▸ EXERCISE GOAL: Output the listing exactly, without its pictures.

▸ RECORDS:

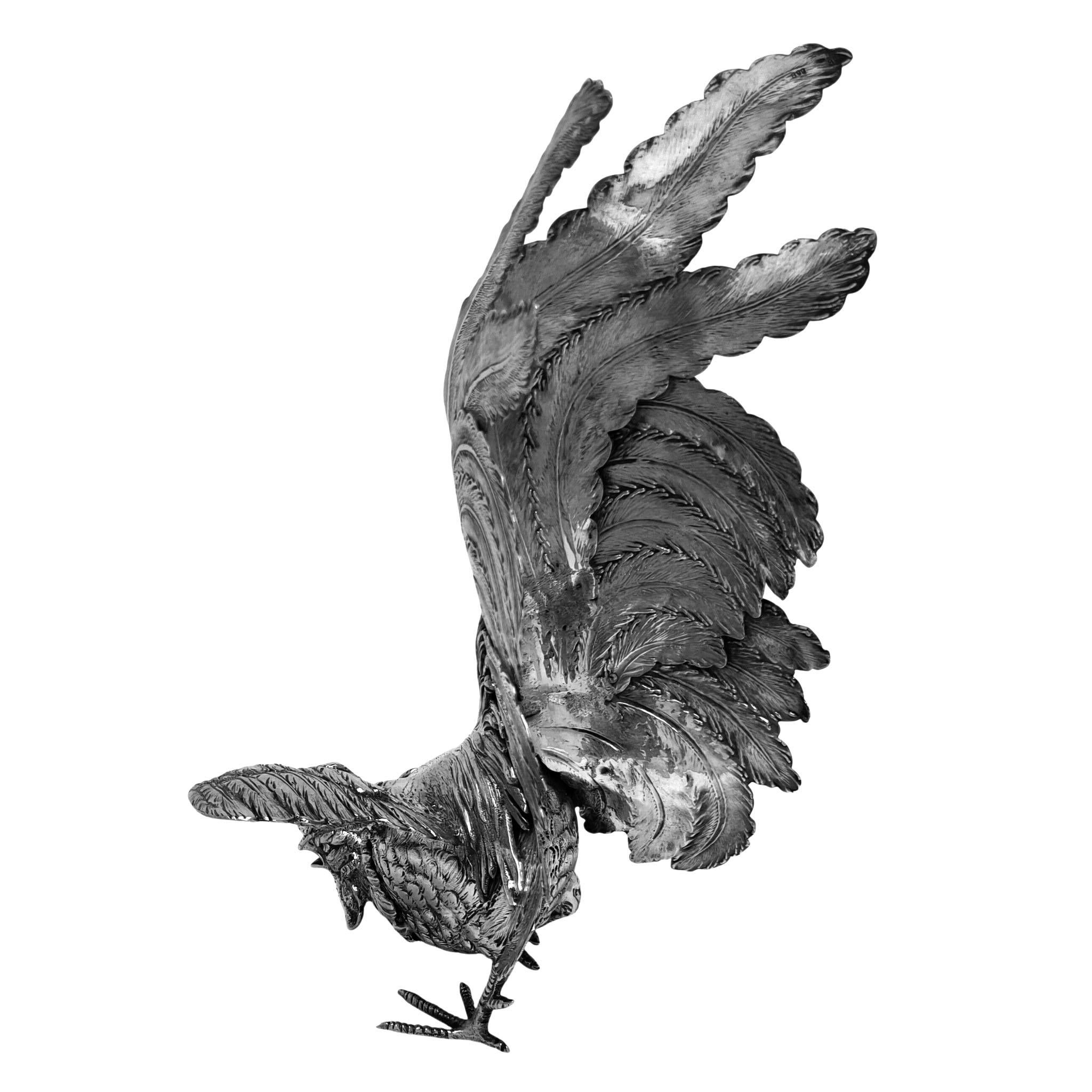 Argento Coppia di antichi galli da combattimento tedeschi in argento Modelli di gallo c. 1900 Continentale in vendita
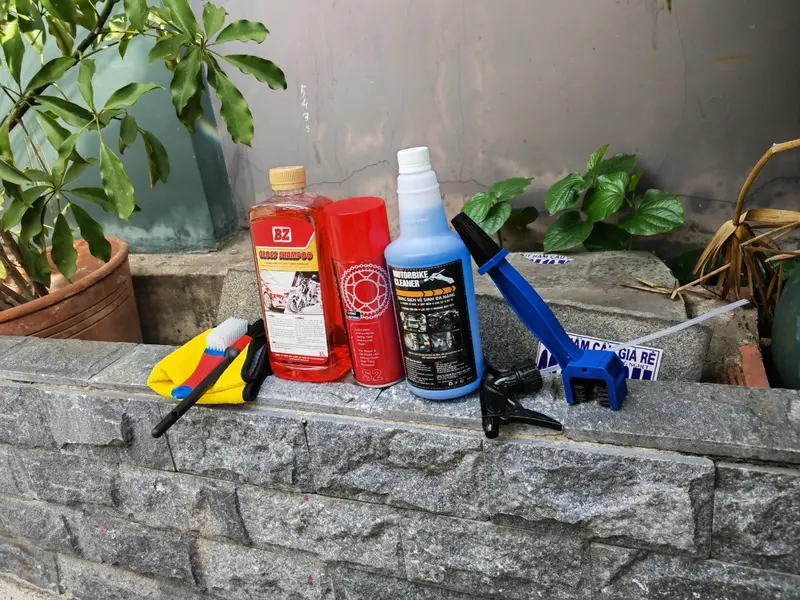 Combo 3 Chai Chăm Sóc Xe Tại Nhà Motorbike Cleaner,Dưỡng Sên x1r,Rửa Xe Bz Tặng Quà 4 Món 4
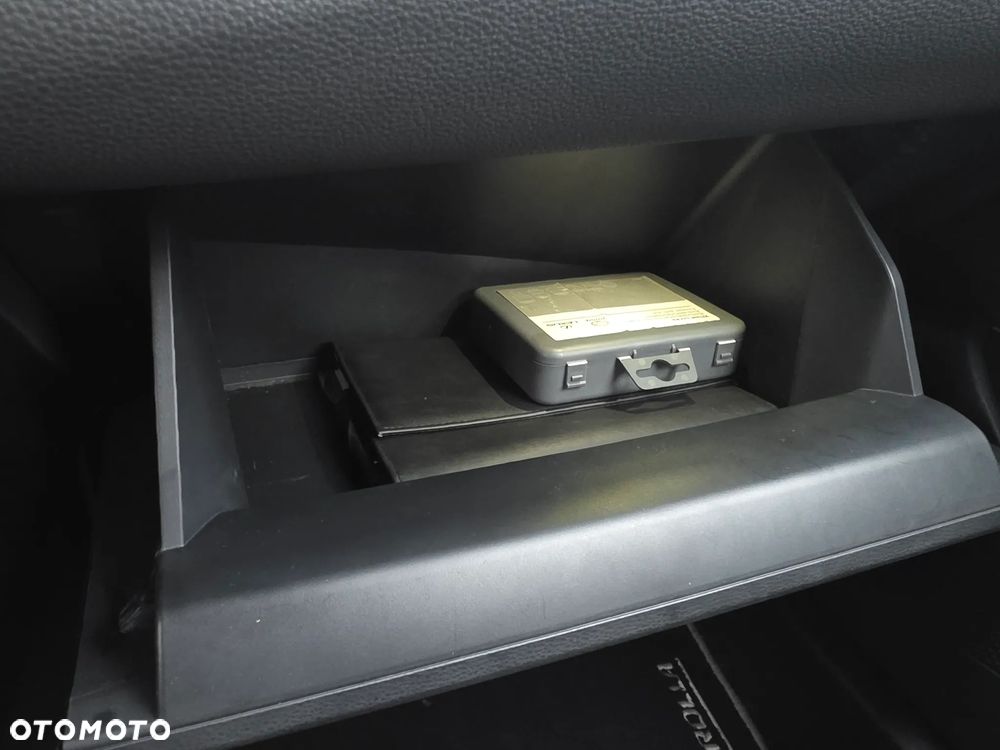 Toyota Corolla 1.8 Hybrid Comfort - 29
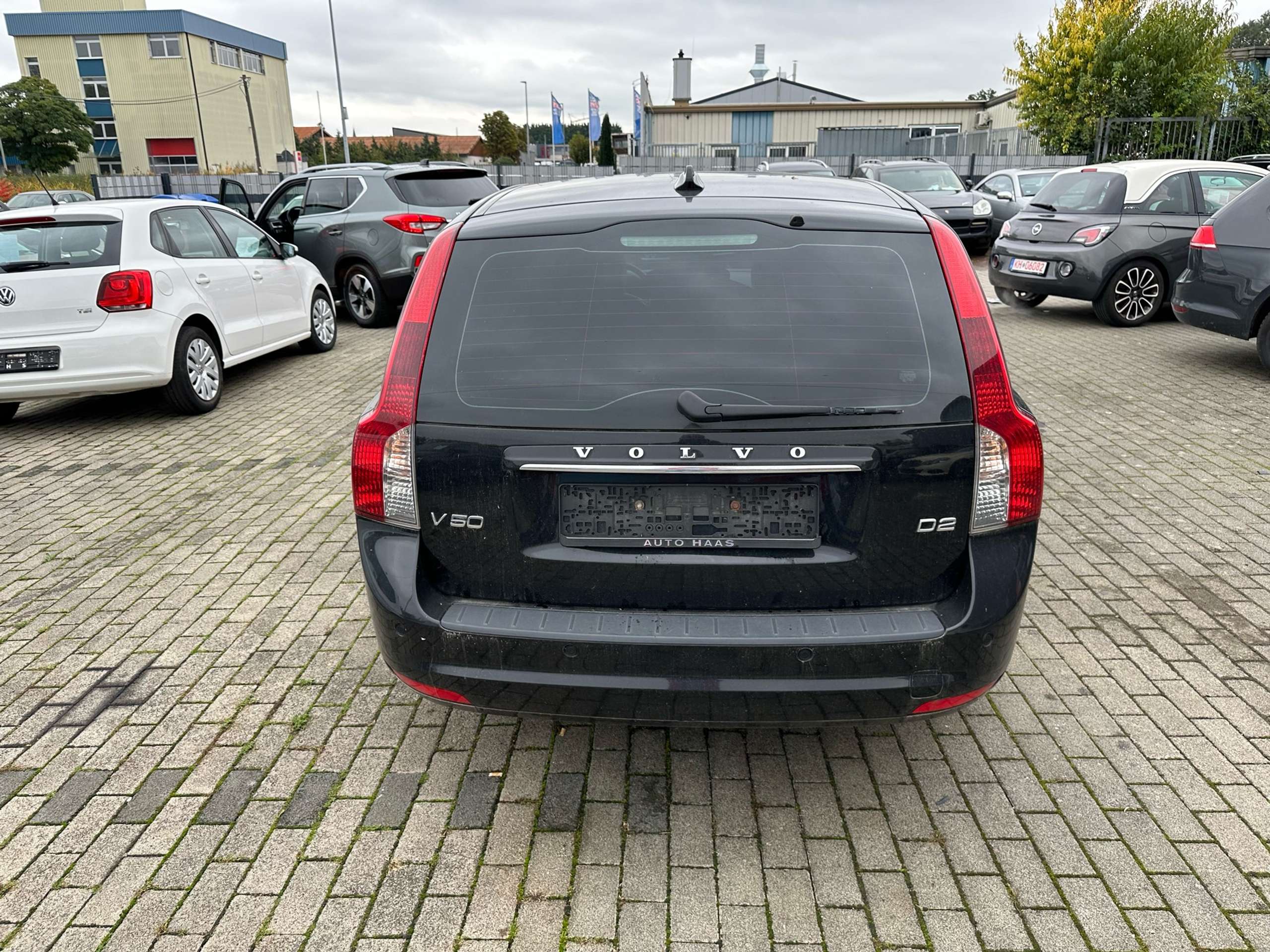 Volvo - V50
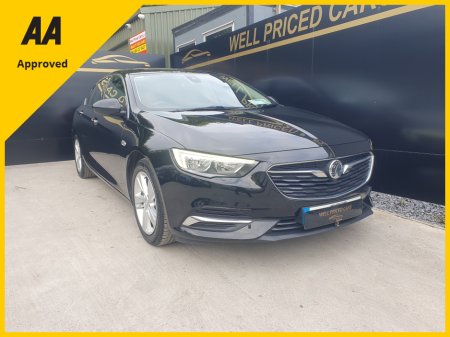 2017 Vauxhall Insignia - thumbnail 9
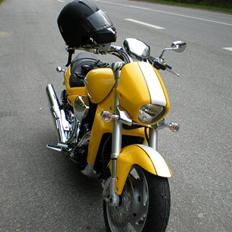 Suzuki M1800R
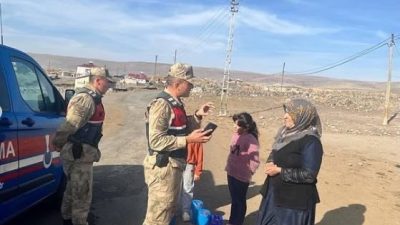 Ardahan Jandarma Komutanlığı ekipleri, kadına yönelik şiddetle mücadele amacıyla hayata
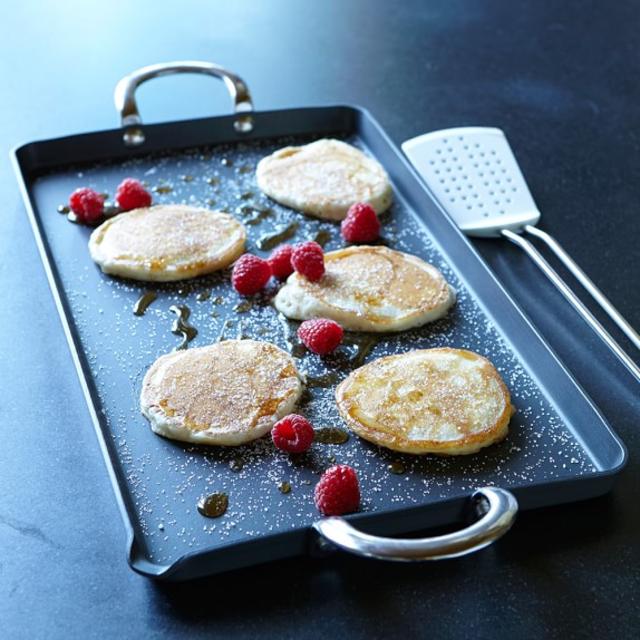 Williams-Sonoma Open Kitchen Nonstick Double-Burner Griddle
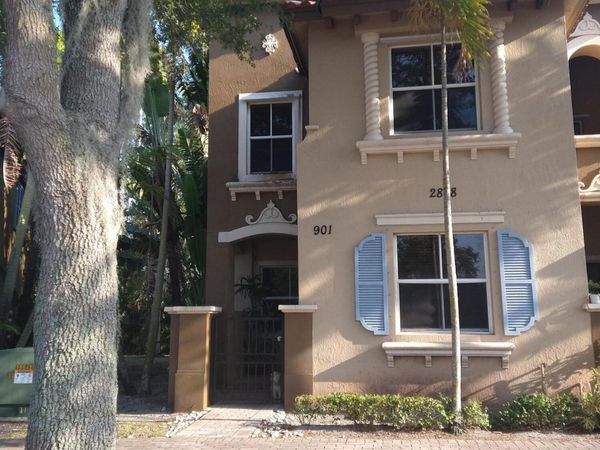 2888 Hidden Hills Road, Unit 901, West Palm Beach, FL 33411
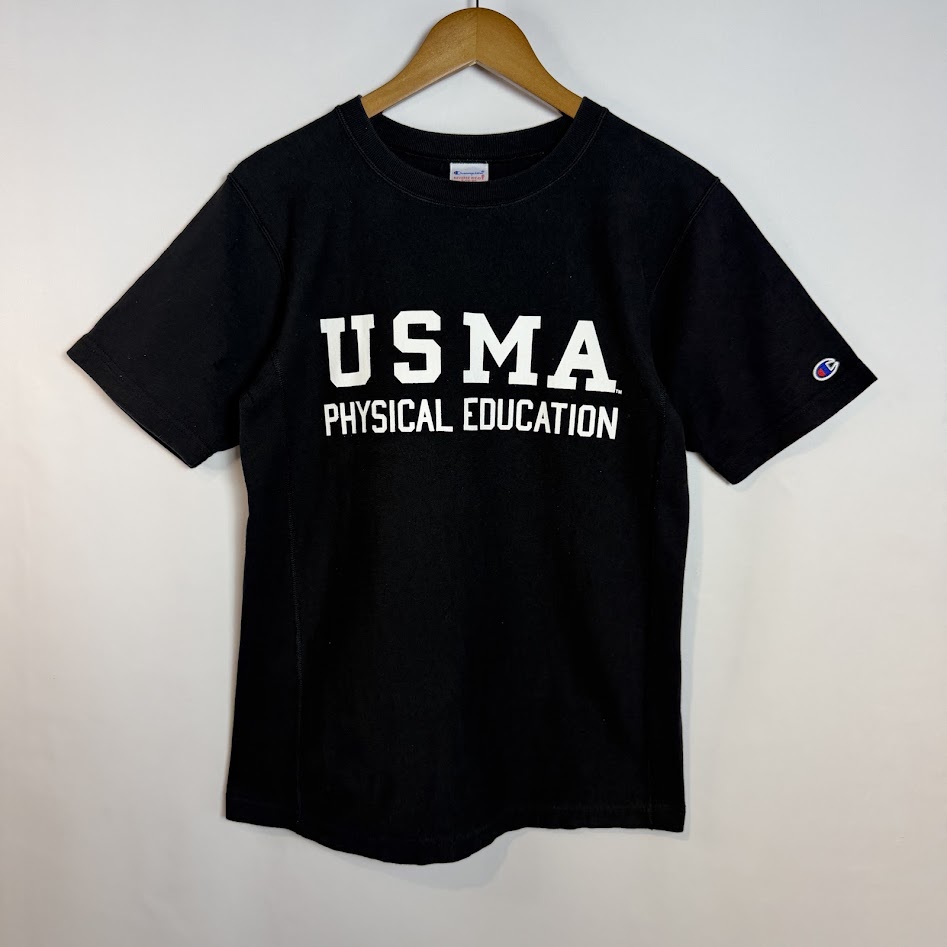 Champion Reverse Weave USMA PHYSICAL EDUCATION Tシャツ 黒地にUSMA PHYSICAL EDUCATIONとプリントされたChampion Reverse Weave Tシャツ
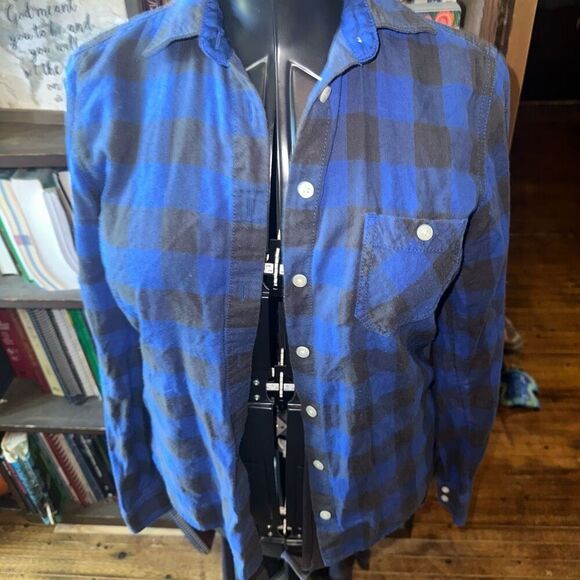 American Eagle blue plaid 4 cozy concert button down shirt - Picture 1 of 3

▸ RESULT FOR THIS EXERCISE:
 Argento Coppia di antichi galli da combattimento tedeschi in argento Modelli di gallo c. 1900 Continentale in vendita
 Combo 3 Chai Chăm Sóc Xe Tại Nhà Motorbike Cleaner,Dưỡng Sên x1r,Rửa Xe Bz Tặng Quà 4 Món 4
 Toyota Corolla 1.8 Hybrid Comfort - 29
 Volvo - V50
 2017 Vauxhall Insignia - thumbnail 9
 Suzuki M1800R
 Ardahan Jandarma Komutanlığı ekipleri, kadına yönelik şiddetle mücadele amacıyla hayata
 Williams-Sonoma Open Kitchen Nonstick Double-Burner Griddle
 2888 Hidden Hills Road, Unit 901, West Palm Beach, FL 33411
 Champion Reverse Weave USMA PHYSICAL EDUCATION Tシャツ 黒地にUSMA PHYSICAL EDUCATIONとプリントされたChampion Reverse Weave Tシャツ
 American Eagle blue plaid 4 cozy concert button down shirt - Picture 1 of 3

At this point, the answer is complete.